The parameter +instance=For modifies the identifiers used in the module to ForKey, ForRootScope, ForRangeScope, ForIdDef, ForIdUse, and such avoids name clashes with identifers of the modules used before. The parameter +referto=For causes the module to use key attributes named ForKey instead of Key. Hence, at a ForCtrl we can have both a Key attribute representing the variable according to the original scope rules and a ForKey attribute representing the object according to our For rules.
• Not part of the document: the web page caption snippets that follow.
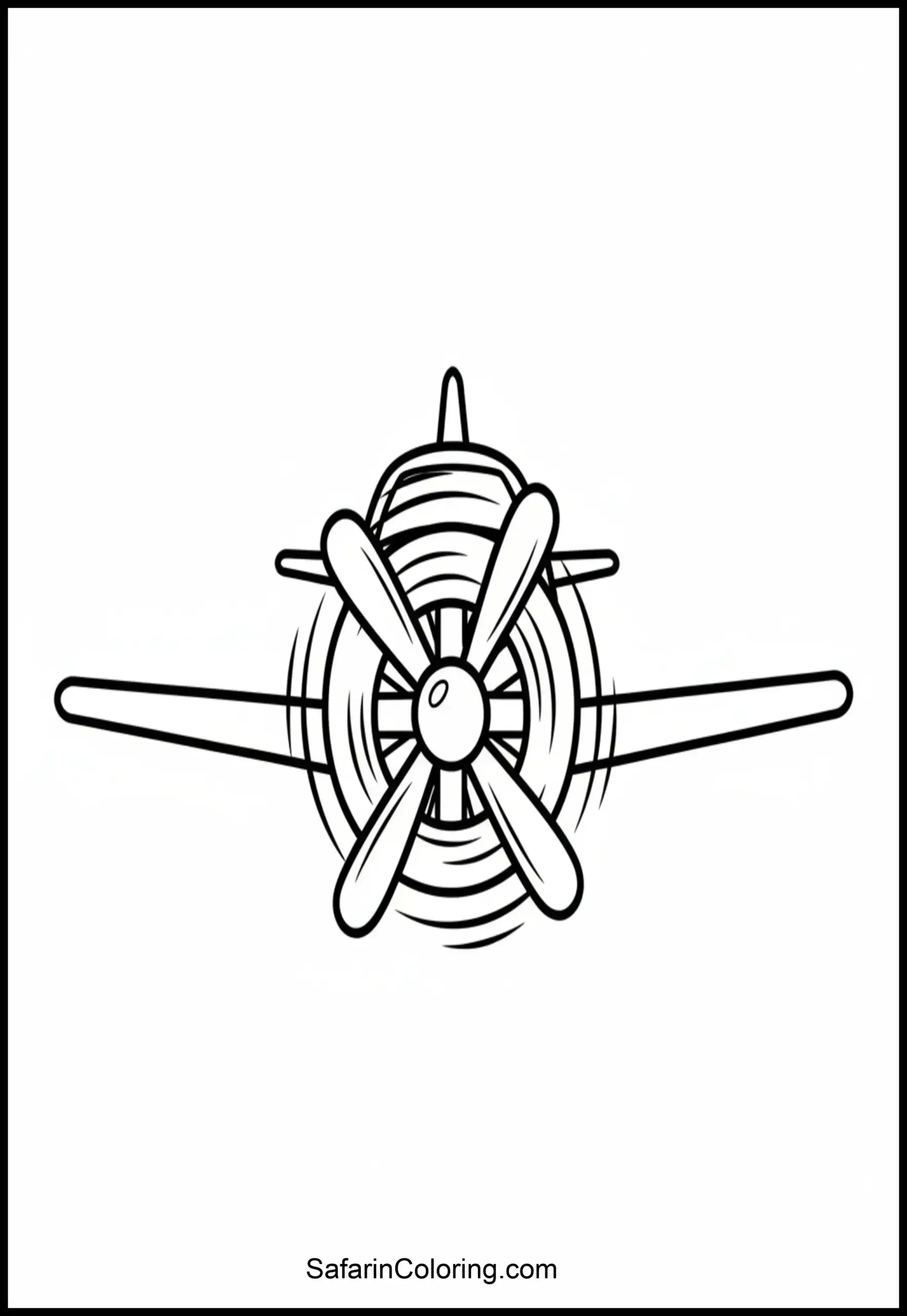 Airplane Propeller Front Scaled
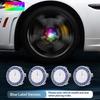 4 pieces 75mm suitable for Mercedes Benz W204 W205 AMG E210 E214 W222 magnetic levitation LED lighting hub cap lights SP3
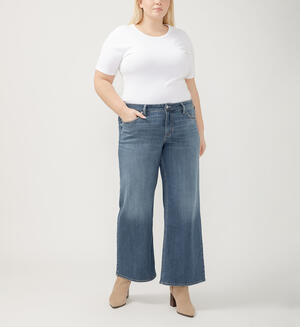 Suki Mid Rise Wide Leg Jeans Plus Size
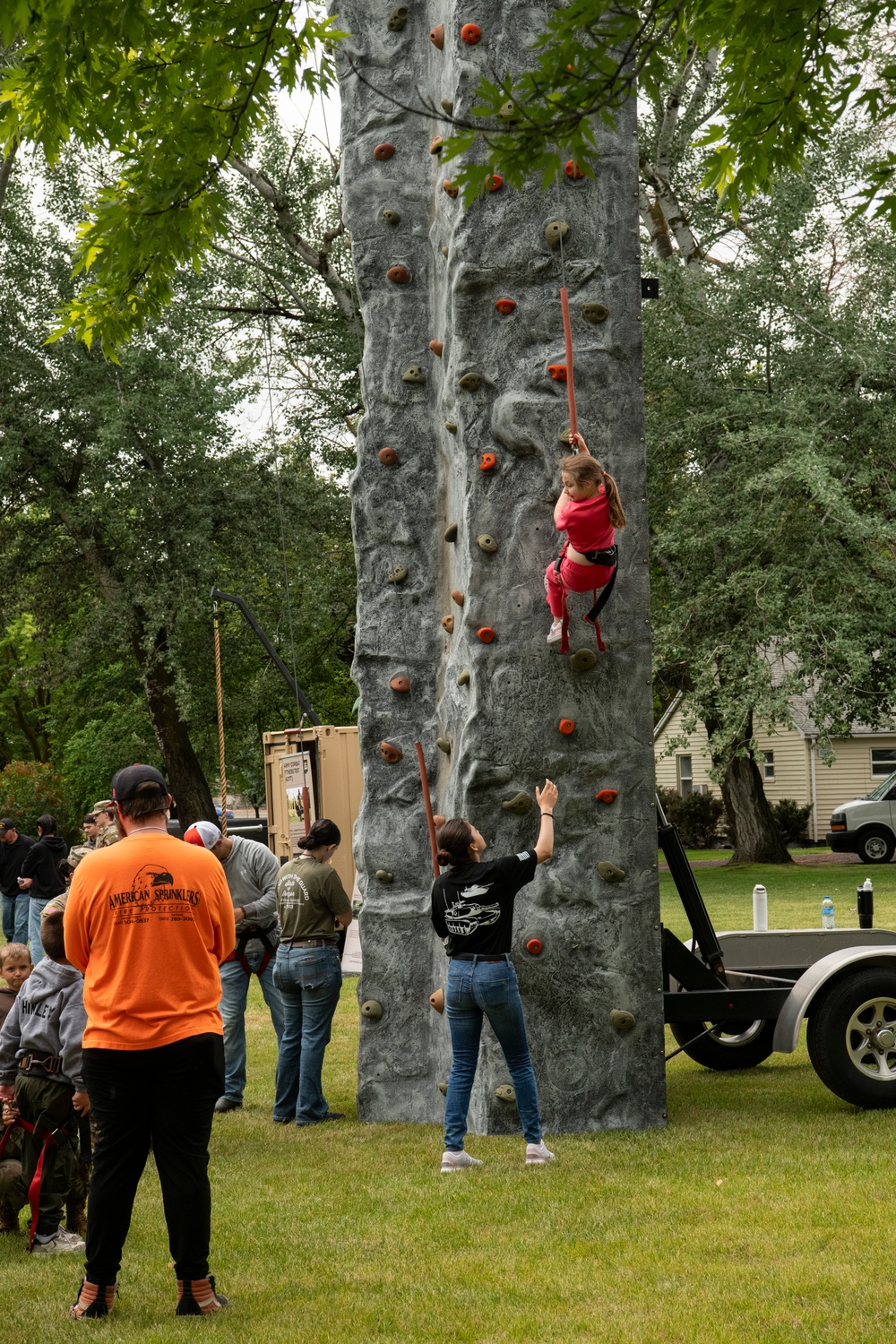 Armed Forces Day celebration at the Rees Training Center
The condition for the warning then checks whether the variable is a for control variable (property IsForCtrl) and it is undefined with respect to uses in our "for ranges" (THIS.ForKey is NoKey). The warning has to depend on a computational state where th property IsForCtrl is set for all variables (INCLUDING Prog.GotForCtrl).
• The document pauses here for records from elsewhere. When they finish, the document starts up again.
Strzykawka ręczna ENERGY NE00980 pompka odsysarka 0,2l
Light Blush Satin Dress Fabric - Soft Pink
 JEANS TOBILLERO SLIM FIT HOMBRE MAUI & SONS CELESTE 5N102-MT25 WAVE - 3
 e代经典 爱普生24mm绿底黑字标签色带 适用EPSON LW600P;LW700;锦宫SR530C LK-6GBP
for control used outside of scope warning[42]==
SYMBOL Prog     INHERITS ForRootScope END;
SYMBOL ForStmt  INHERITS ForRangeScope END;
SYMBOL ForCtrl  INHERITS ForIdDefScope COMPUTE
  THIS.Sym = CONSTITUENT VarSet.Sym;
END;

SYMBOL VarSet INHERITS ForIdUseEnv, OutsideFor END;
SYMBOL VarUse INHERITS ForIdUseEnv, OutsideFor END;

SYMBOL OutsideFor COMPUTE
  IF (AND (NE (NoForCtrl, GetIsForCtrl (THIS.Key, NoForCtrl)),
        EQ (THIS.ForKey, NoKey)),
  message (WARNING, "for ctrl variable used outside for scope", 0, COORDREF))
  DEPENDS_ON INCLUDING Prog.GotForCtrl;
END;
This macro is invoked in definition 47.
Finally we check for control variables being assigned outside the for control part. We associate an attribute InForCtrl to Assign. It indicates whether the Assign occurs in a for control part. (We use the same technique of SYMBOL computation and overriding as in the dangling else task.) Then the warning condition is similar to that of the above warning.
assignment to for control variable warning[43]==
ATTR InForCtrl: int;

SYMBOL Assign COMPUTE THIS.InForCtrl = 0; END;

RULE: ForStmt ::= 'for' '(' ForCtrl ';' Expr ';' Assign ')' Stmt COMPUTE
  Assign.InForCtrl = 1;
END;

RULE: ForCtrl ::= Assign COMPUTE
  Assign.InForCtrl = 1;
END;

RULE: Assign ::= VarSet '=' Expr COMPUTE
  IF (AND (NE (NoForCtrl, GetIsForCtrl (VarSet.Key, NoForCtrl)),
        NOT (Assign.InForCtrl)),
  message (WARNING, "assignment to for control variable", 0, COORDREF))
  DEPENDS_ON INCLUDING Prog.GotForCtrl;
END;
This macro is invoked in definition 47.

5.2 Output files

loop.pdl[44]==
for control property[38]
This macro is attached to an output file.
loop.head[45]==
possible values of for control property[39]
This macro is attached to an output file.
loop.lido[46]==
for control used in other statement warning[40]
This macro is attached to an output file.
loop.specs[47]==
CScope instanciation used to check for control variables[41]
for control used outside of scope warning[42]
assignment to for control variable warning[43]
This macro is attached to an output file.